The Education (EDU) Team (http://www.ietf.org/edu/) manages the internal educational activities of the IETF with the goal of improving the effectiveness of IETF operations. We strive to improve the effectiveness of IETF leaders and participants by offering training sessions and educational materials that clarify their roles and responsibilities and prepare them to be more effective in their roles.

According to RFC 3935, “the mission of the IETF is to produce high quality, relevant technical and engineering documents that influence the way people design, use, and manage the Internet in such a way as to make the Internet work better.” Therefore, EDU activities are aimed at educating participants either on technical topics that affect current or planned IETF efforts, or on procedural topics that affect any aspect of participation and document development. Traditionally, these tutorials are held on the Sunday afternoon of an IETF meeting.

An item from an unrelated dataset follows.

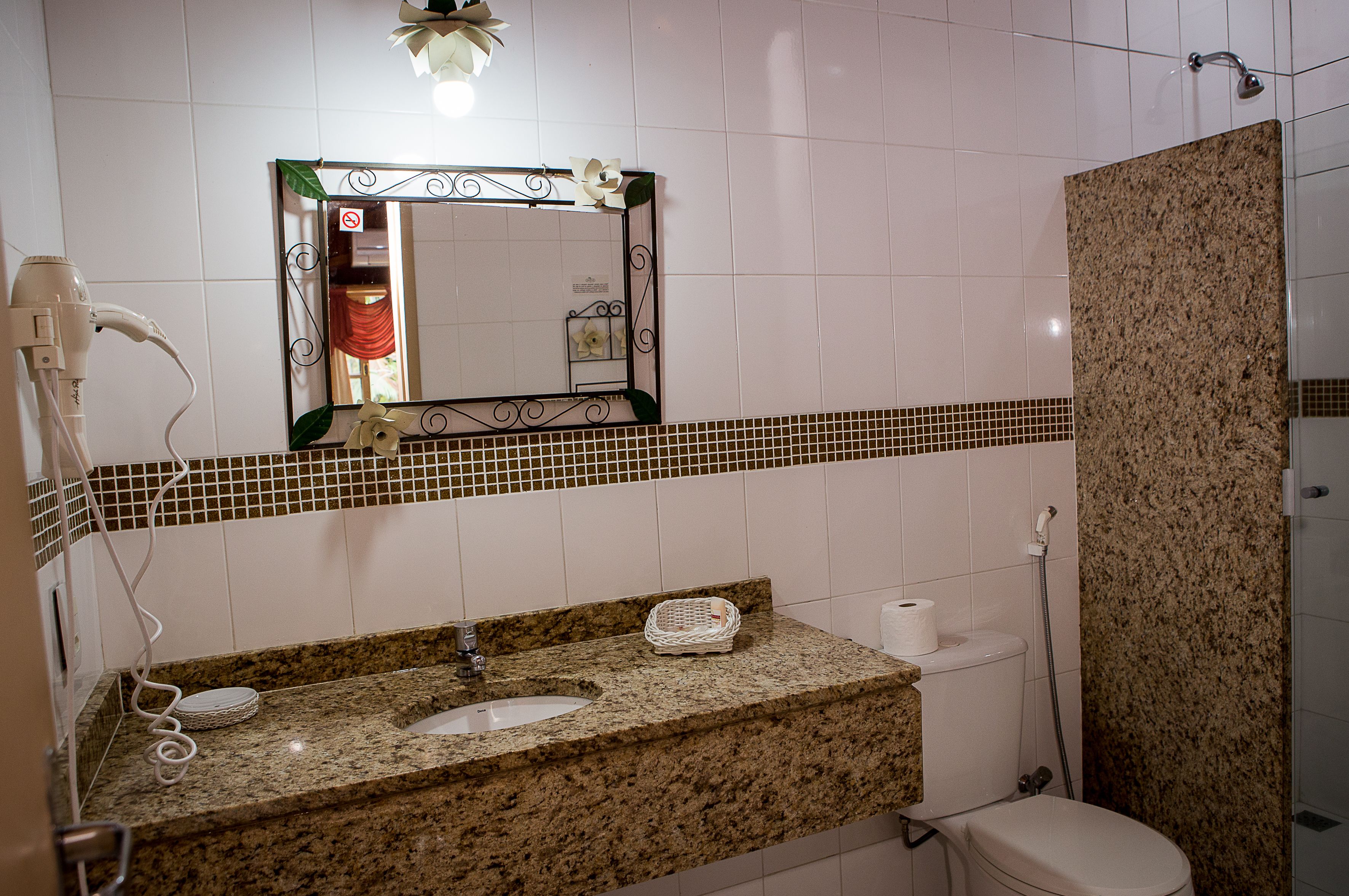 A bathroom with a granite countertop sink, a mirror with a decorative frame, a shower area, and a toilet.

So, you're presenting! Please do the following:

  • Send a one-paragraph summary to the EDU team. This will be linked to from the IETF meeting agenda.
  • Find a partner to present with you. Or, designate a backup presenter in case you are not able to present.
  • Number your slides; use a simple template; see Tips for Presenters at IETF for more basics.
  • Two weeks before: Send your slides to the EDU team and any other relevant parties for review.
  • One week before: Send mail to relevant mailing lists to spread the word about the tutorial. (That is, specific WG mailing lists should be notified about tutorials on related technical topics.)

For Technical Topics

Those who volunteer to present on technical topics are asked to consider the following points and questions in preparing for their session:

  • Members of the audience will be experts in some areas of IETF work, but not in others.
  • They are probably attending a tutorial in an area where they are not expert.
  • Their goal is to learn the essentials of your topic as it affects their own area of interest.
  • How will each aspect that you discuss affect other areas of IETF work? (Not how will it affect your own area of interest!)
  • Give an overview, show the trade-offs and the relations to other areas or protocols, rather than drilling down into one particular solution (unless, of course, that solution is the whole point of the tutorial).
  • This is not general education in computer networking; it’s OK to be selective in the choice of topics. It’s more important to cover topics that affect IETF work thoroughly than to cover everything superficially.
  • This is not a research presentation, except if confirmed research results are directly applicable in the IETF right now.
  • As always in the IETF, many people (often including the presenter) are not of English mother tongue, so please use good diagrams and simple language, and speak carefully.
  • The audience is far from ignorant. Be prepared for hard questions.
  • Q&A may be the most important part of the session, so allow ample time for it.
  • The presentation will be streamed for remote participants and recorded on video. Also, people at the back of the room may have difficulty seeing the screen. Therefore, please
    • Supply slides well in advance, so that they can be made available online (with an announced URL);
    • If demonstrating a feature, describe and explain what is on the screen;
    • Repeat questions that are not asked at a microphone.
  • Example: QUIC Tutorial slides and recording (2017)

For Area Overviews

  • Start with basics ("What is this area?"), then details (one slide for each current WG).
  • Include the hot topics (popular) and topics that need more participants (not yet popular).
  • Send the slides to the current Area Directors for review.
  • Example: OPS Area Overview (2016)

For Procedural Topics

Those who volunteer to present on procedural topics (standards process, working group procedures, document production, tools, etc.) can apply several of the same guidelines, and should remember that most IETF participants see procedure mainly as an obstacle to their work. They are mainly interested in the question “What must I do next to make progress with my draft?”